Within the last year, large and small newspaper organizations have moved previously free content behind subscription walls that require readers to pay for access. The new model is fraught with peril, mostly notably the drop in online circulation as content becomes inaccessible through traditional search.

More concerning, though, may be the Associated Press’ decision to create a News Registry, which is a fancy name for a digital rights management (DRM) wrapper around its stories, which would allow content publishers the ability to determine how, when and where those stories — or parts of those stories — are replicated across the Web.

Which seems like a noble cause.

There is just one problem: DRM wrappers have, by and large, failed in the digital age because they create an “ease-of-use” problem for consumers. In order to work, DRM restricts different activities. It may, for example, prevent you from playing a CD on certain types of computers. Which is fine if you are technologically savvy enough to figure out which devices. Most people aren’t.

And nothing upsets consumers more than buying a product only to find out that it doesn’t work.

Worse yet, those restrictions meant to stop piracy are quite bad at doing just that, but very good at turning people willing to pay for content into pirates who traffic in the “underground” economy.

The decision to lock down content, which is almost surely bound to fail, then puts the content creators in the unenviable position that AP CEO Dean Singleton (the most vocal, but certainly not the only prominent figure to suggest this tact) has suggested: aggressive litigation — in the same vein as the recording and movie industries — to protect the new business model.

In the early days of file-sharing — the late nineties and early aught, the music and movie industries rushed to lock down their content with restrictive-DRM technologies.

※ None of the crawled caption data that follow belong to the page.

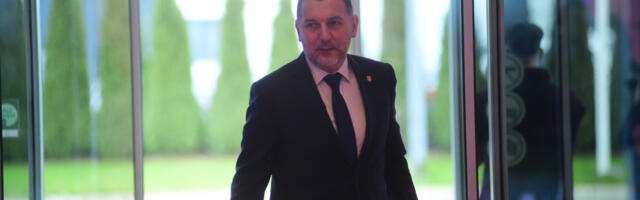 Radujko objasnio: Evo zbog čega se u Zaječaru neće igrati EURO (VIDEO)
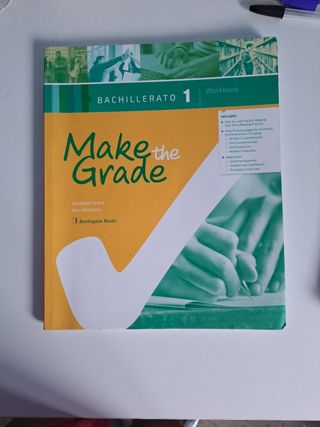 workbook 1 bachillerato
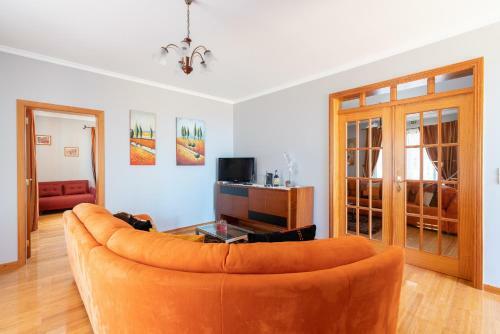 Apartment Laranjeiras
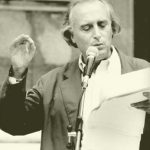I POETI AL POTERE! TOMASO KEMENY: “Reagire all’oblio dell’essere ed alla immoralità del brutto”. GIUSEPPE CONTE: “La poesia sia urlo, ribellione, conoscenza”. COME UN MANIFESTO, LE ‘DICHIARAZIONI DI INTENTI’ DEGLI ORGANIZZATORI DELLA SERATA DEL 20 APRILE A MILANO DI “poetiche e politiche del desiderio”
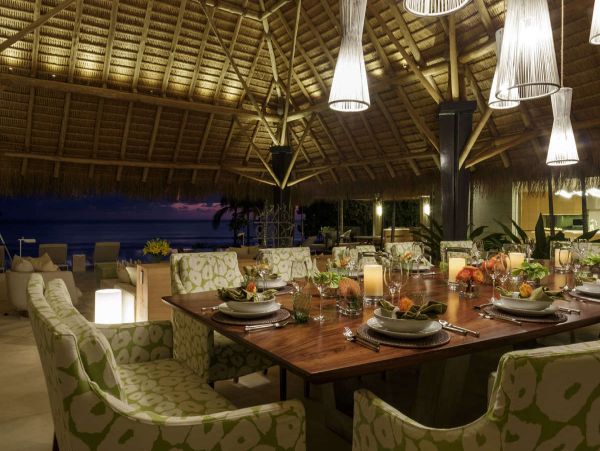 Puerto Vallarta Punta Mita Home 987839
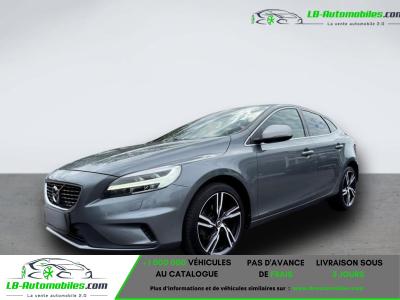 Volvo V40  T2 122 ch BVM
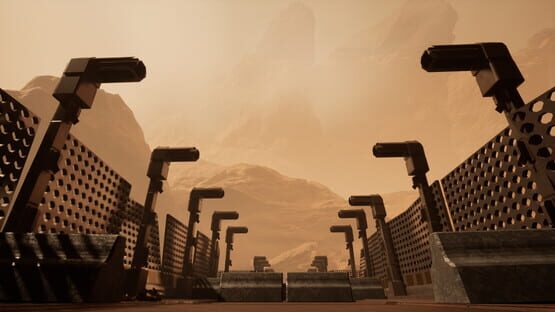Screenshot Ethernal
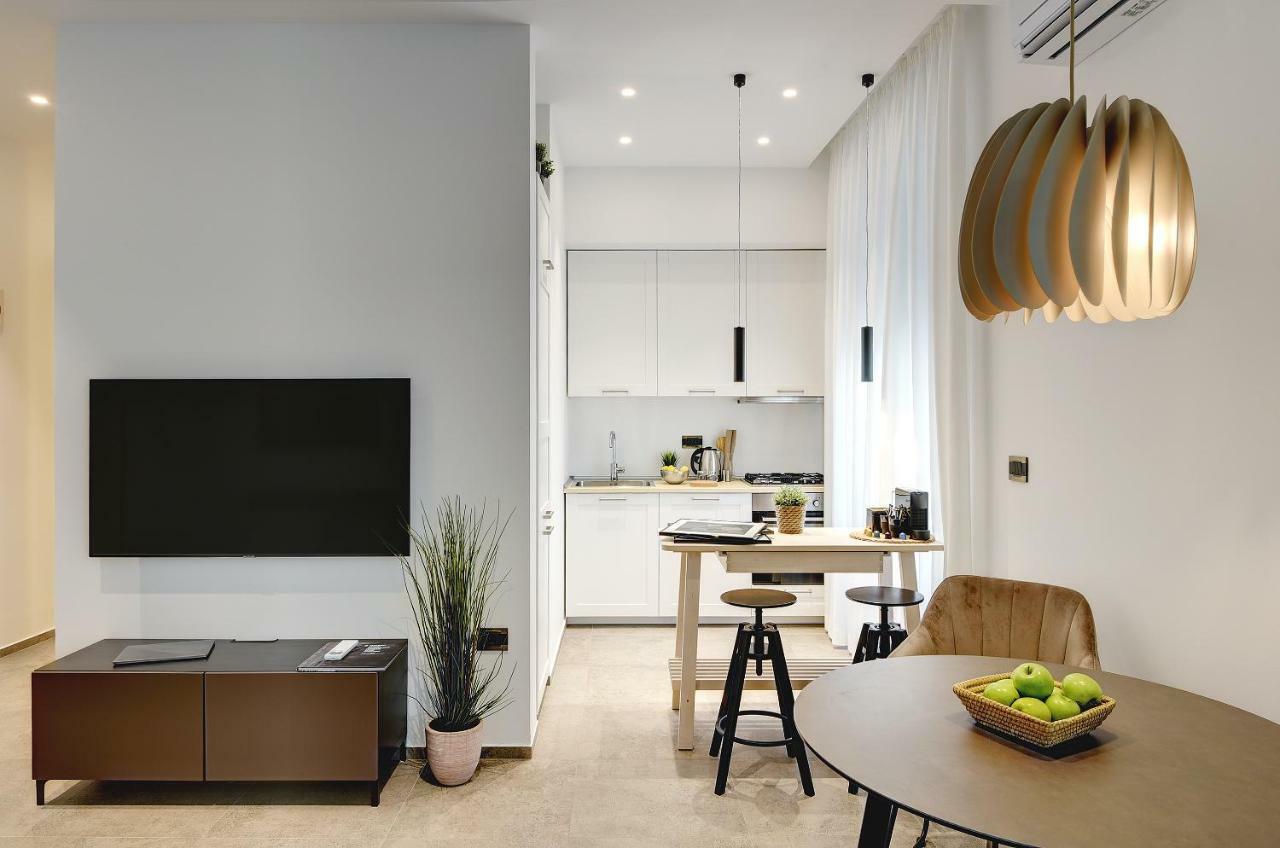 Lifestyle Apartments Пула Екстер'єр фото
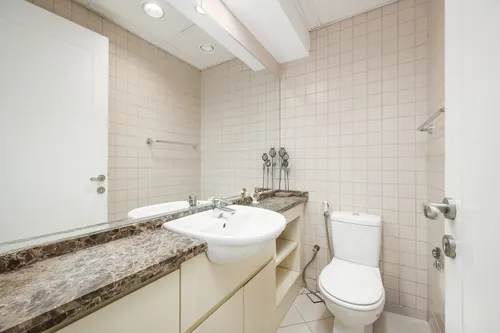 2 Bedrooms Apartment in Al Seef Tower 3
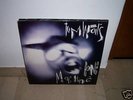 Tom Waits-Bone Machine LP LYRICS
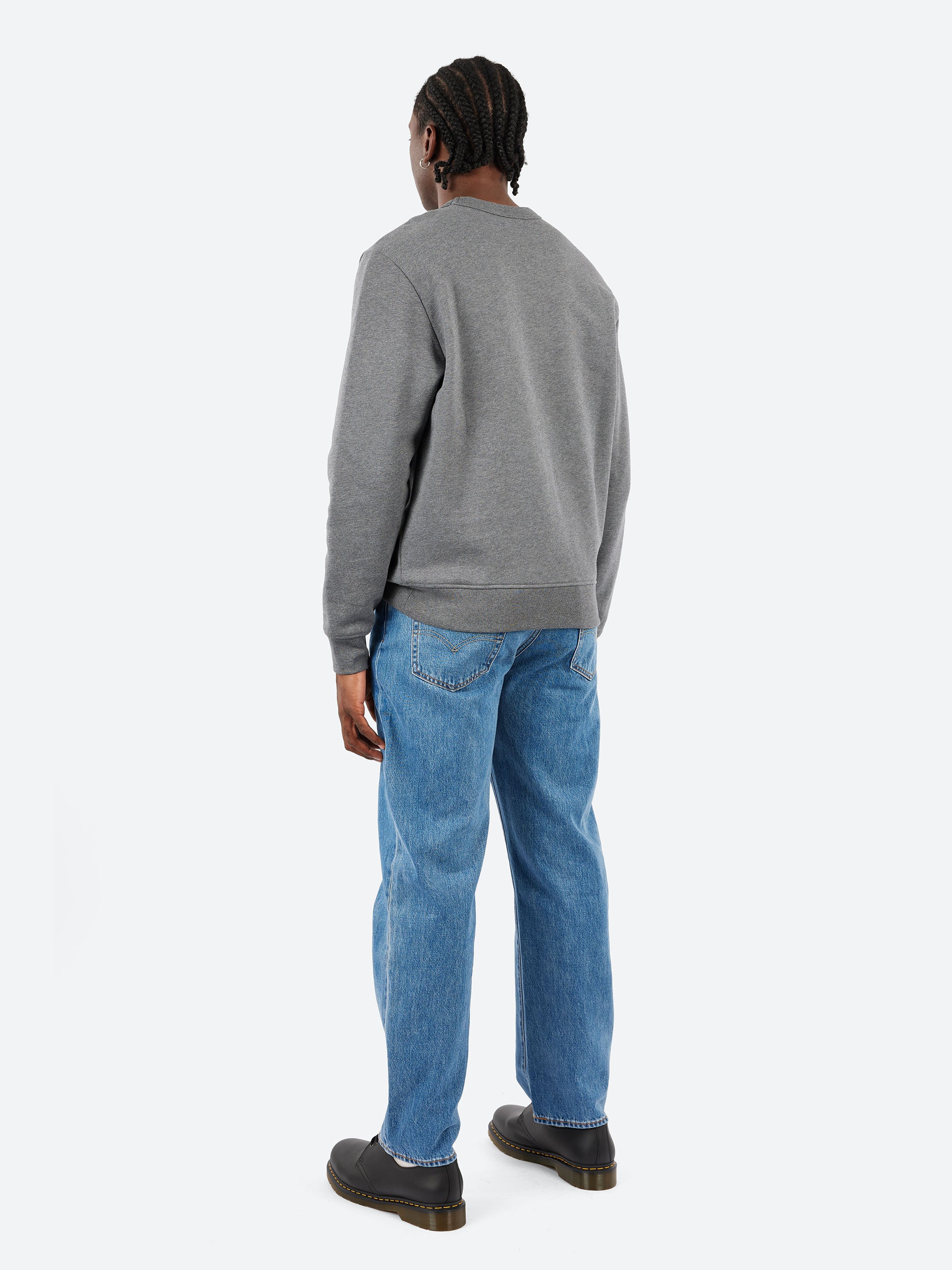 Boxy Petit VPC Sweatshirt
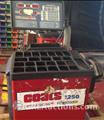 Lot: 15-3-10419: (1) Coats 1250 Wheel Balancer 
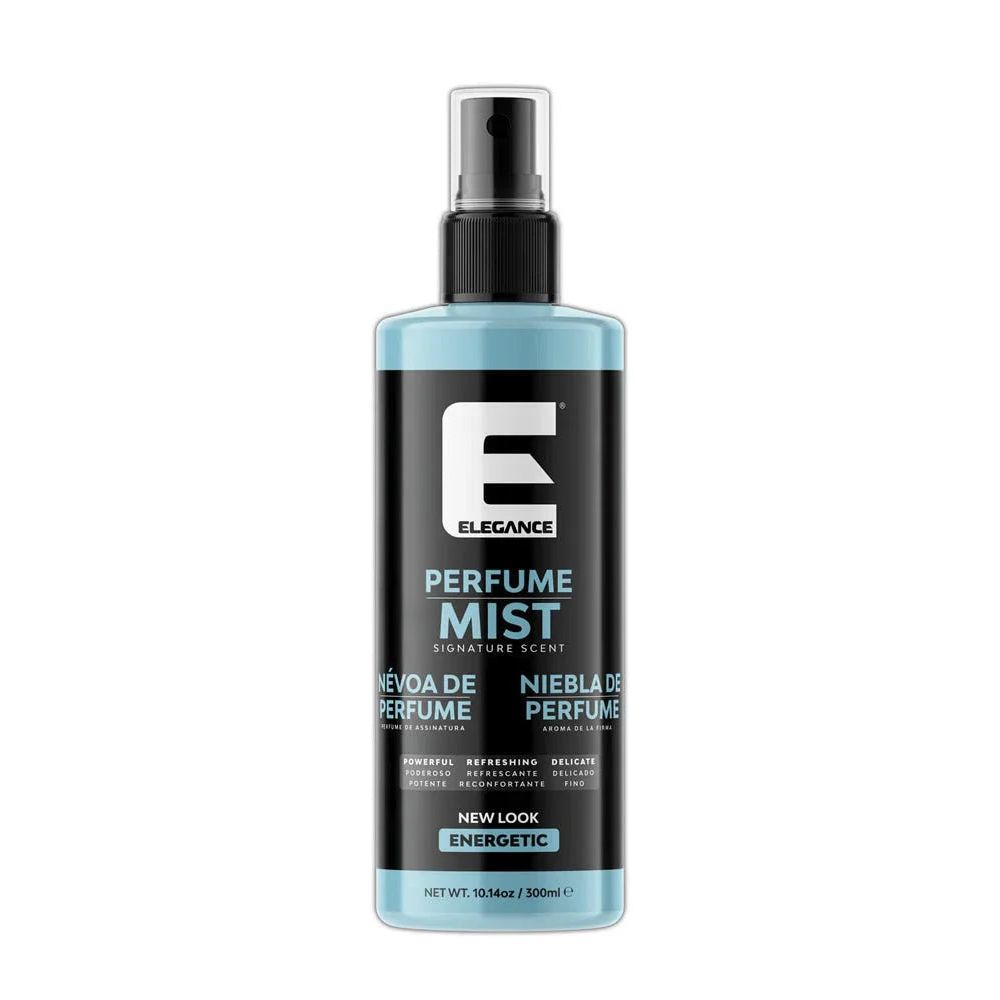 Elegance Perfume Mist / Aftershave 10.14oz (Energetic)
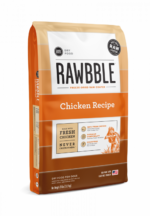 Bixbi Rawbble Kibble Grain Free Chicken Dog Food - Image 3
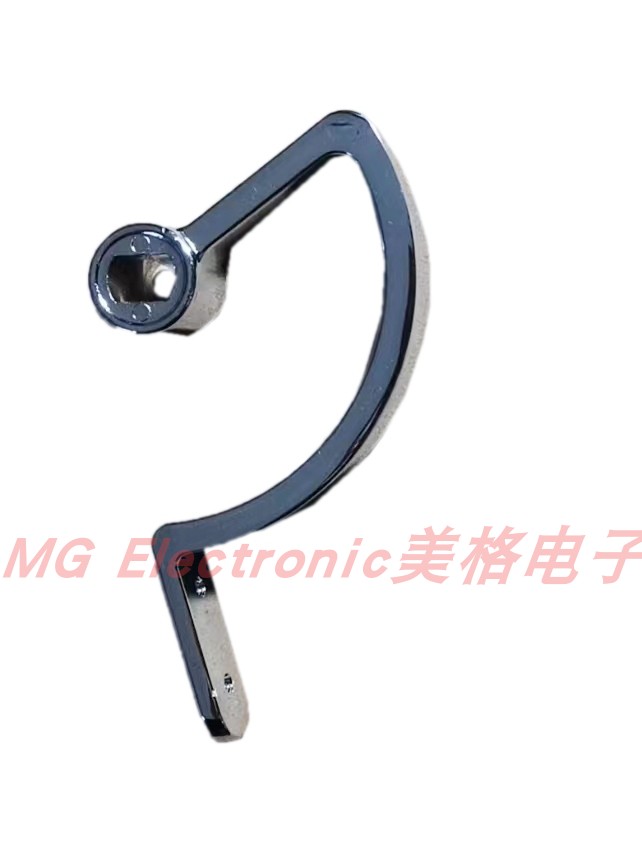 适配TOTO智能马桶电子座便器CES9911CS便盖上盖盖子座圈角键铰链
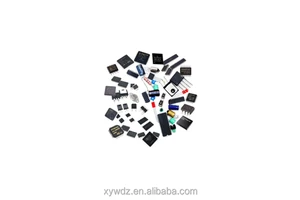 Xingyuan Card Edge PCI Express / PCI Connectors mini 8H Type 1759503-1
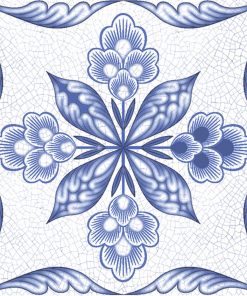 Gạch trang trí hoa văn 15x15 Prime 18005 14 Gạch trang trí hoa văn 15x15 Prime 18005 13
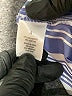 Roz & Ali Blue Vest Size 4 - photo 7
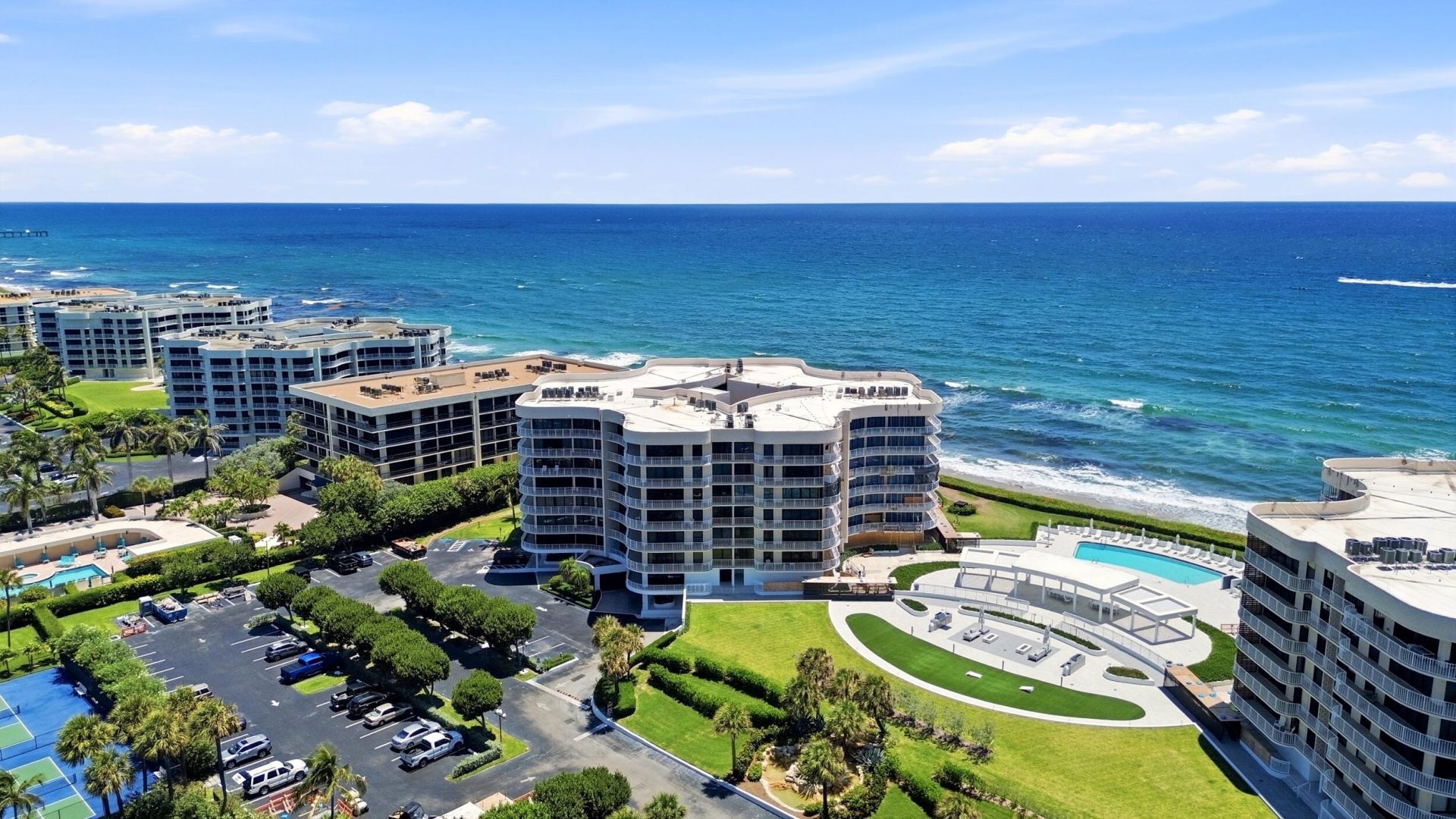3400 S Ocean Boulevard, Unit 2fii, Palm Beach, FL 33480 Photo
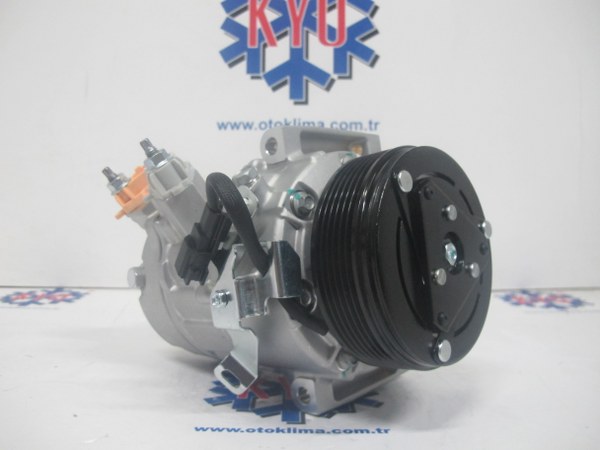 KYOK15017 FORD RANGER  6 PK OEM : KB3B-19D629-BB  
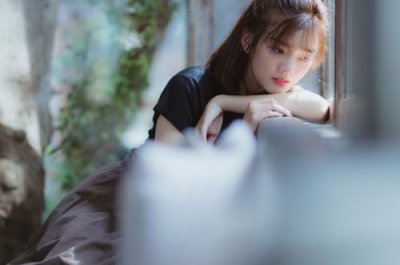 ​等待一个人的经典句子(44句)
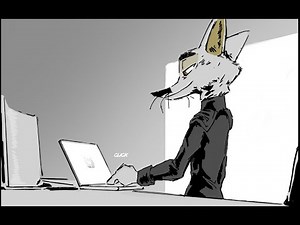 Zootopia Comic: Sunderance Chapter 10 part 1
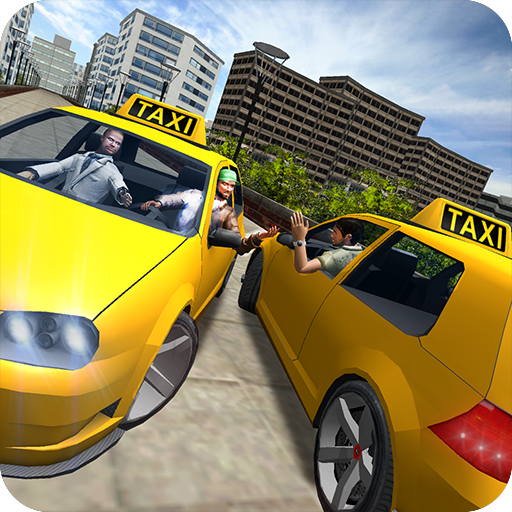 Taxi Driver Simulator 1.0 Icon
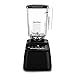 Blendtec Original Designer Series Blender and 90 Oz WildSide+ Jar - Kitchen Blender Bundle - Black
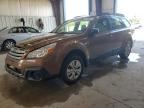 2013 SUBARU OUTBACK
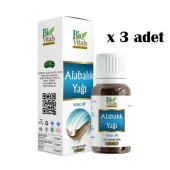 Biovitals Alabalık Yağı 50 ml x 3 Adet thumbnail 2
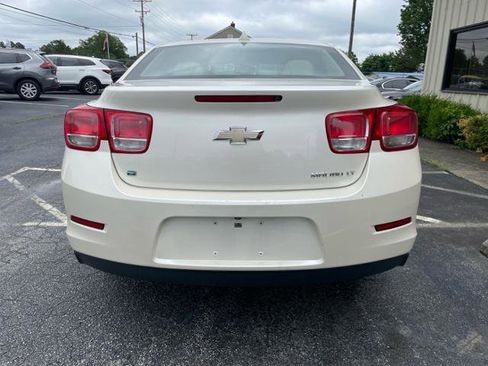 Used 2014 Chevrolet Malibu LT image 7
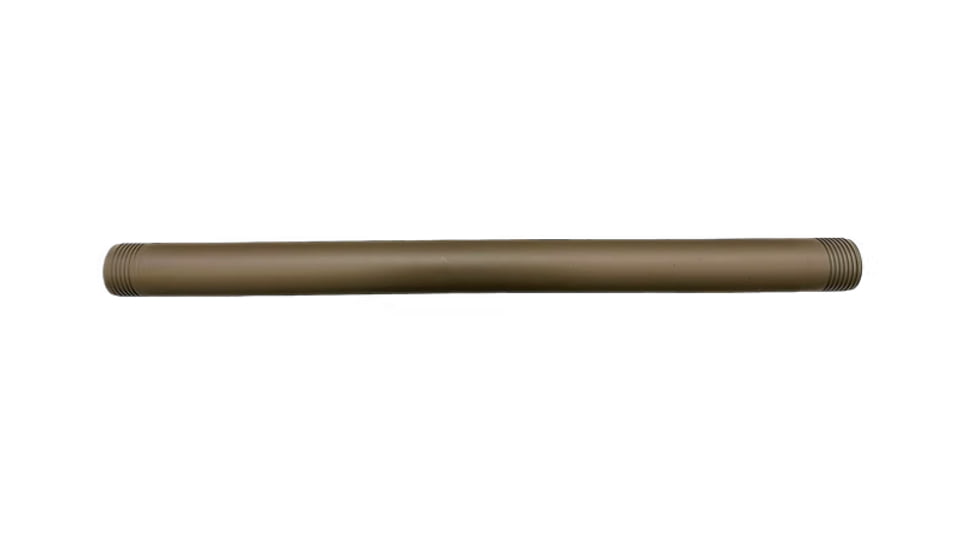Black River Manufacturing SBS Benelli M4/SBE 3, 6 Round, Magazine Extension Kit, FDE, BREMTFDESBS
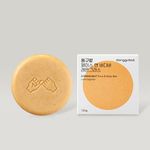 DONGGUBAT Face And Body Bar Lemongrass 120g All In One Shea Butter Soothing Cleansing Soap _ Made in Korea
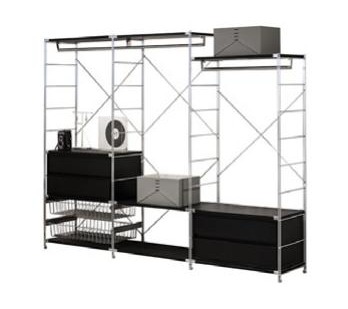 Cabinets model CB-1043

There were two results: people stripped the DRM from their CDs and DVDs and the technologies didn’t easily work between devices, forcing the content industry to scale back its efforts to create a “consumer-friendly” restrictive environment.

There was a moment when it appeared that a compromise might happen.

The resulting outrage over DRM forced the entertainment industries to take a different tact: create “squishy” DRM, which simply means an interoperable wrapper that works with every piece of technology: all the browsers, e-Readers, mobile devices and any other device that was meant to play digital media files.

Meanwhile, the House Judiciary Committee tried to help, spending several months in 2002 holding hearings on how the government might help create an environment that would protect consumers and companies within a framework that didn’t include DRM.

Eventually, the “squishy” DRM solution faded. Instead the content industries pushed to expand the 1998 Digital Millennium Copyright Act (DMCA), which among other items included a provision that made it illegal to strip away DRM protections from any digital content. Along with that protection, a slew of cottage industries sprang up to attempt to track activities online, in much the same way that the AP suggests its News Registry will work.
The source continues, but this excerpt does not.